I’ve always liked Dave Landis’s diagram on how Design Thinking, Lean UX, and agile go together. Something, however, always felt a little off. Every iteration of this framework I read about still seems to reflect a linear mindset of design that is somehow then attached to a cyclic (Sprint-like) product development mindset.

lean_ux

It’s time to think about discovery work differently

It took me til I went to Jeff Patton’s Passionate Product Owner course (CSPO) that I began to know what I didn’t know about agile product management and a view of its integration with Scrum. In essence, it confirmed what I had felt for a long time:

  • Backlog Refinement can be considered a discovery exercise. 
  • There’s no real reason why you couldn’t expand Backlog Refinement time to do more discovery work if and when it’s needed.

The Product Owner is responsible for the budget and delivering value. They might feel that spending more time doing discovery, thinking and research work is worth investing in (although, this could break the 10% timebox defined in the Scrum Guide by Jeff Sutherland and Ken Schwaber). 

Don’t turn UX or design thinking work into Sprint 0

That’s not to say that Jeff was suggesting people should turn Sprint work into upfront discovery in the way some people do with Sprint 0. Sprint 0 is held by agile professionals, such certified Scrum trainers and coaches, as an anti-pattern:

  • A Sprint must result in a potentially releasable Increment. A design sprint (aka, Google’s Design Sprint) results in a plan. 
  • Sprint 0 rarely results in an Increment. Discovery work alone isn’t an Increment, it’s just paper.
  • Sprint 0 is rarely timeboxed as a Sprint. People typically continue to design everything until they feel comfortable about creating their upfront design. For some, a Sprint 0 can take months, delaying the release of value and increasing the likelihood that there’ll be a change in the market and users’ needs.
  • Sprint 0 is a plan-driven approach. Sprints are instead about empiricism and value. 

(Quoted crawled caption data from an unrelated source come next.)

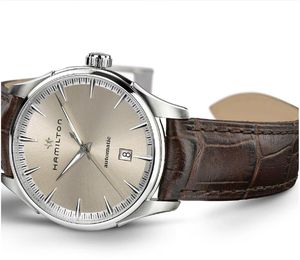 Часы Hamilton Jazzmaster Auto H32475520 580663 фото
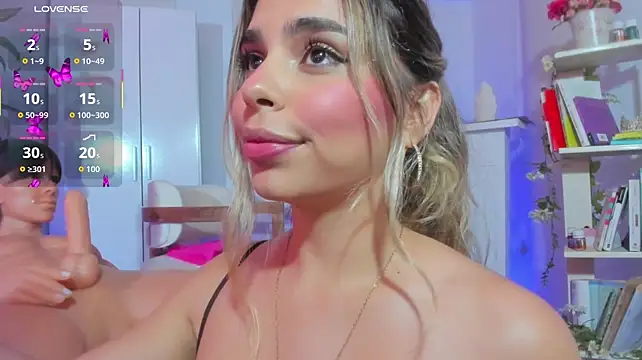 Crisbell_lopez - doll penetration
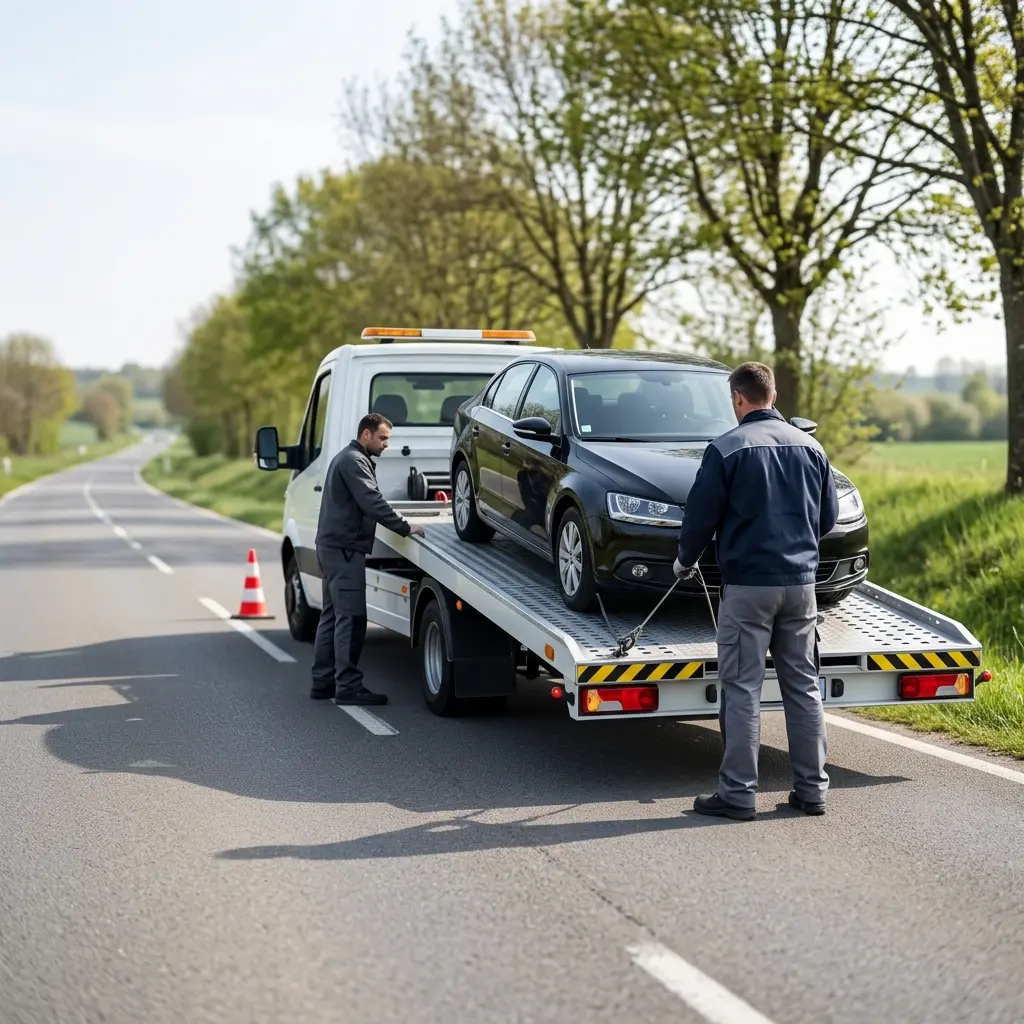 Une assistance automobile sereine et transparente pour vos trajets
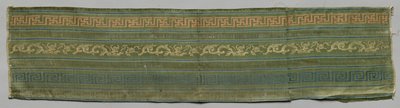 Bordure, 1800s - Unbekannt
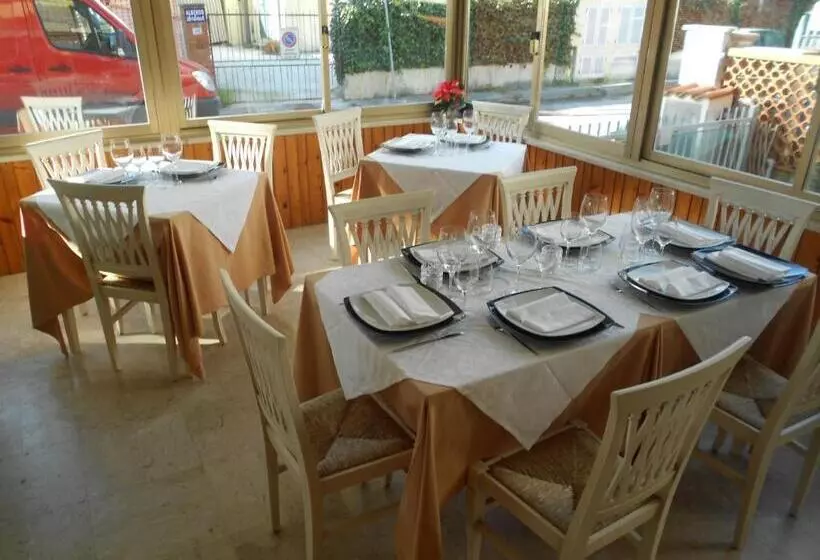 ホテル Ristorante La Terrazza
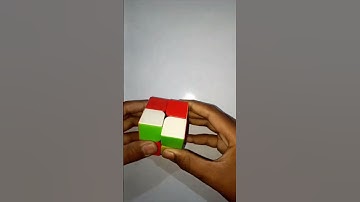 Loops on cube #rubikscube #cube #cubing #lego #rubik #infinite #loop #amapiano #dance #funny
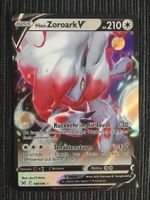 Pokemon Zoroark V Lost Origin Deutsch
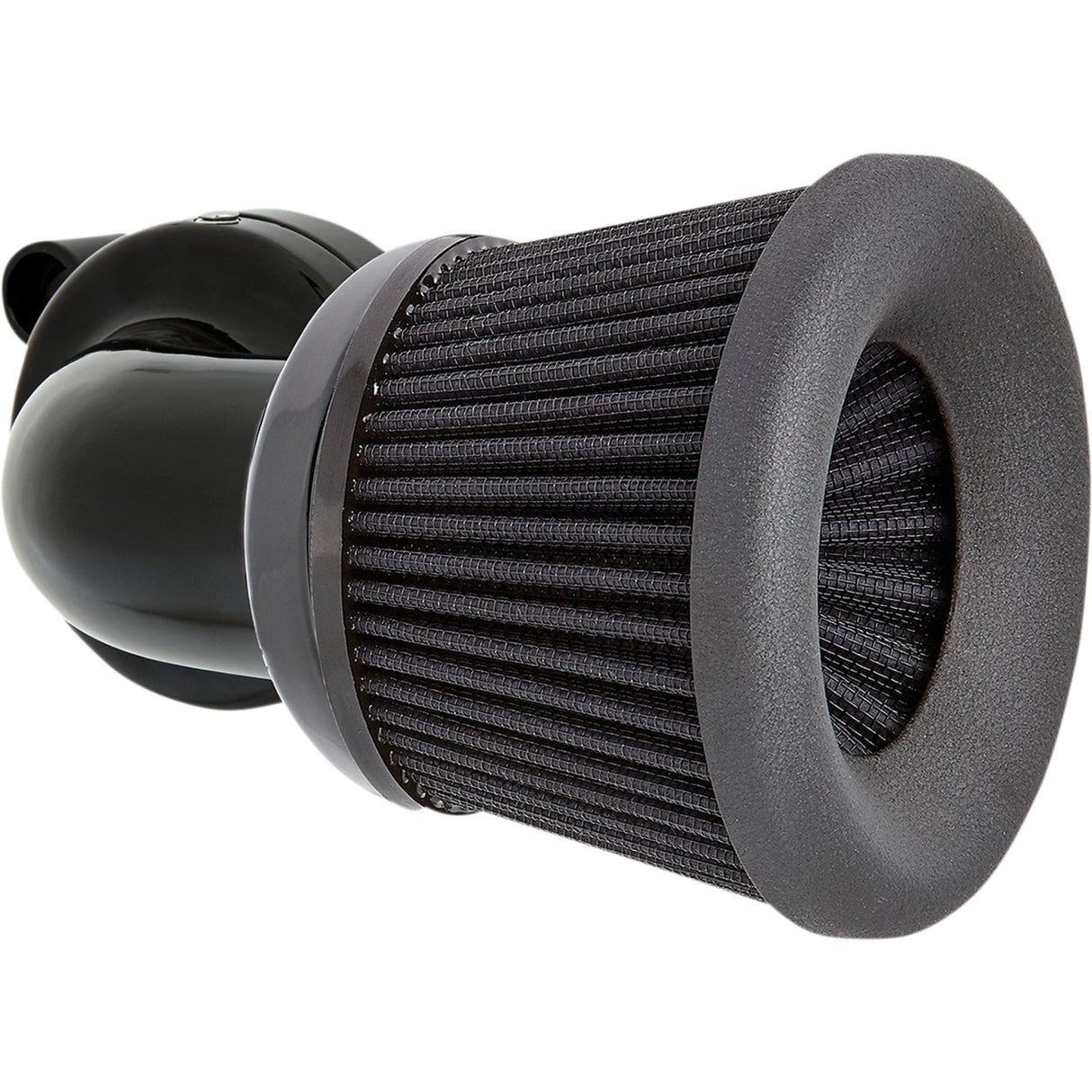 Arlen Ness Velocity 90° Breather Air Cleaner - 600-030 For Harley Motorcycles 2008-2017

Don’t turn design thinking into working a Sprint ahead

Many then turn their Sprint 0 design work into a regular activity. Unfortunately, this turns 2-week Sprints into 6-week Sprints before the Product Owner has a potentially releasable Increment.

 

Putting continuous discovery and delivery together

Jeff Patton painted a picture of two paradigms — “pay to learn” and “pay to build”. At any time, a Scrum Team could be more focussed on one than the other. He also highlighted that through delivery, the Scrum Team (including the Product Owner):

  • Learns from building and that this is often more valuable than just doing paper prototypes or similar experiments because the team is actually assessing whether an idea can actually be built!
  • Learns about its customers from engaging with them (customers encompassing external and internal users and stakeholders) throughout the Sprint, and in Sprint Review, with a working product. The feedback elicited is of higher quality than feedback on something less functional, like a paper prototype. This is why the Agile Manifesto states it prefers working software over documentation.
  • Has opportunities to pivot their solutions by using the Daily Scrum — which is a critical part of the Development Team’s empiricism that inspects their progress toward their Sprint Goal and adapts their plan to ensure they achieve it.

 

Conclusions

Agile product development is different from traditional, linear, project management. As Product Owners are responsible for budget and the delivery of value to users, the most effective way to achieve this outcome is to combine and integrate experimentation, learning, user feedback into the development process. For many who are used to linear discovery, this presents a challenge – UX people working as a member of the Scrum Team to help the Product Owner steer the product with good design, but also other fellow team members to develop the product according to good, UX practices.